The Dark Knight trilogy, 2005-2012, with Batman fighting evil forces in a Gotham
City that looks a lot like Chicago. The popular DC Comics superhero Batman first showed up on screen in serials from the 1940sand kept a strong fanbase encouraged by a 1960s television series and star turns by Michael Keaton, Val Kilmer, and George Clooney—along with an animated variation involving Lego toys. But no one nails it like director Christopher Nolan and his casting of Christian Bale as the human superhero whose bat-caped entity also goes by the names Bruce Wayne and The Dark Knight.
Played straight and with edge, Nolan’s reboot put humanity into characters, often bypassing computer-generated effects for a more intense sense of reality—hence use of actual city locations in Chicago. In an Oscar-winning turn as Batman nemesis The Joker for The Dark Knight, Heath Ledger starts his rampage with at Gotham National Bank,
a.k.a. Chicago’s old post office building on 404 West Harrison. The trilogy’s first entry, Batman Begins, joins The Dark Knight in using a parking garage at 200 West Randolph Street. And, joining the Blues Brothers, Batman finds himself at the Richard Daley Center—only he claims it for himself, calling it Wayne Enterprises.

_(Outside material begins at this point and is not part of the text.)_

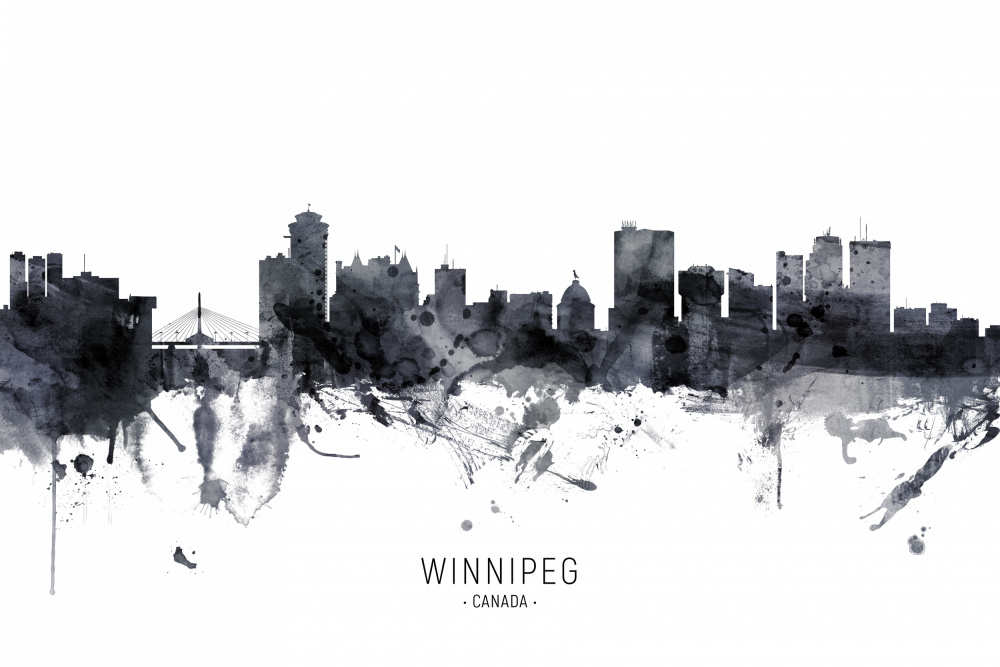 Winnipeg Canada Skyline von Michael Tompsett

Ferris Bueller’s Day Off, 1986, with Matthew Broderick ditching school but learning plenty in downtown Chicago. Writer-director John Hughes bypassed teen angst by creating happy-go-lucky Ferris Bueller, wise beyond his years with the realization that life and learning involve more than school. Comfortable in the region where he grew up, Hughes used Chicago in Sixteen Candles and The Breakfast Club. He lets Ferris Bueller expand his Chicago appreciation by visiting iconic city locations ranging from Wrigley Field to the Chicago Institute of Art.